En respaldo narró que el Juzgado Segundo Penal del Circuito de Palmira, en el juicio penal nº 2003-00082, lo absolvió de los delitos de homicidio agravado y porte ilegal de armas de fuego de defensa personal (29 ag. 2003), decisión que apelada, el Tribunal Superior de Buga revocó y lo condenó a la pena de veintiocho (28) años y nueve (9) meses de prisión (30 sep. 2004).

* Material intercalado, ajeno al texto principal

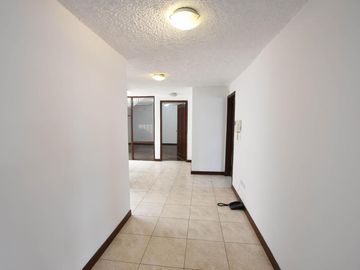 CASA EN VENTA INDEPENDIENTE $220.000 JIPIJAPA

Sostuvo que, contra aquella providencia, interpuso «recurso extraordinario de casación», inadmitido por la Sala de Casación Penal (3 ag. 2006), y en dos ocasiones presentó recurso de revisión, igualmente «inadmitidos» (29 ag. 2009 y 5 ag. 2020).
Afirmó que la Homóloga Penal incurrió en vías de hecho por «defecto sustantivo», «desconocimiento del precedente constitucional», «defecto fáctico por la omisión en el decreto y la práctica de pruebas y por la ausencia de valoración del acervo probatorio», esencialmente por discutir las presuntas falencias en cuanto a la valoración probatoria efectuada por el Tribunal accionado, y en especial, la trascendencia que le otorgó al testimonio de «Luis Eduardo Trujillo Lozano […]autor material del hecho criminoso […]», de quien se ocupó, in extenso, de refutar cada detalle de sus declaraciones, así como de los informes de policía judicial, de los que aseguró, «a partir de la ley 504 de 1999, no tienen valor probatorio por sentencia Erga Omnes». Frente a esos dos aspectos, refirió que la Colegiatura cuestionada dio «fuerza vinculante y total credibilidad como lo dijo el Tribunal, [al informe y] a la versión de Trujillo que también demostraremos, está viciada de nulidad».
Adujo la existencia de presuntas falencias en el análisis de los medios suasorios, en cuanto a las labores investigativas adelantadas por la Fiscalía, las «pruebas» que recaudó y las que omitió agregar a ese decurso que supuestamente lo favorecían, entre ellas la realización de una «prueba grafológica», pericia que solicitó vía derecho de petición «a pesar de que se la pidieron en tres oportunidades, se negó a practicarla».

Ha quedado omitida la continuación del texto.